Supplied information
◇ ◇ ◇ ◇ ◇
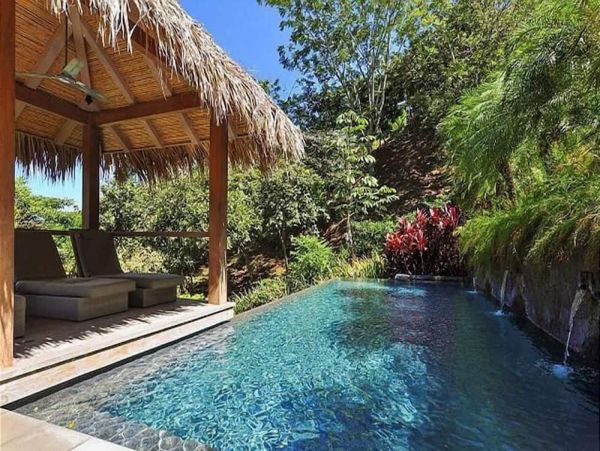Four Bedroom Tamarindo Vacation Villa Short Walk to Beach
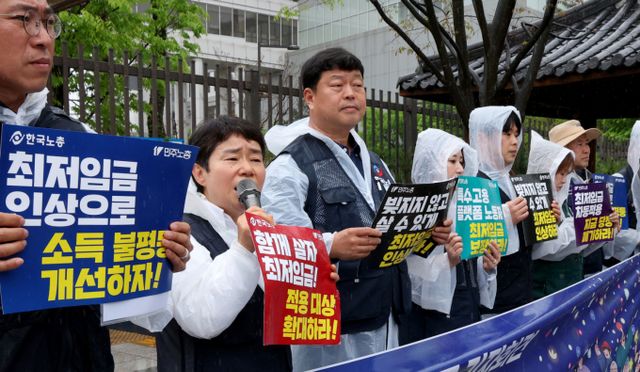  노동계가 2026년 적용 최저임금 심의와 관련해 최저임금이 생계비 보장 수준으로 현실화 돼야한다고 주장했다. 사진은 22일 세종시 정부세종청사 고용노동부 앞에서 한국노동조합총연맹과 전국민주노동조합총연맹이 2026년 최저임금 심의에 대한 노동자위원 입장 발표 기자회견을 진행한 모습. /사진=뉴스1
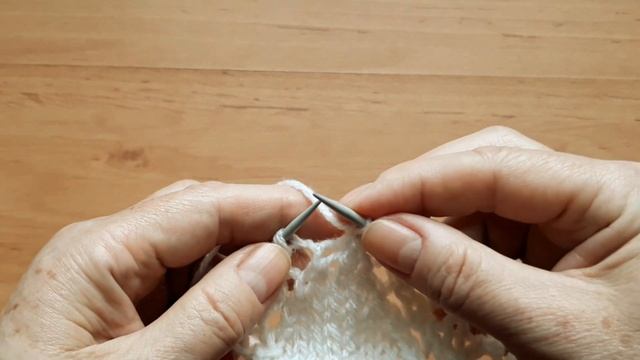Ажурные ромбы . Узор для джемпера, кардигана.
◇ ◇ ◇ ◇ ◇
What to work on
Print the material in full and exactly, minus the pictures.

Exercise answer
Four Bedroom Tamarindo Vacation Villa Short Walk to Beach
  노동계가 2026년 적용 최저임금 심의와 관련해 최저임금이 생계비 보장 수준으로 현실화 돼야한다고 주장했다. 사진은 22일 세종시 정부세종청사 고용노동부 앞에서 한국노동조합총연맹과 전국민주노동조합총연맹이 2026년 최저임금 심의에 대한 노동자위원 입장 발표 기자회견을 진행한 모습. /사진=뉴스1
Ажурные ромбы . Узор для джемпера, кардигана.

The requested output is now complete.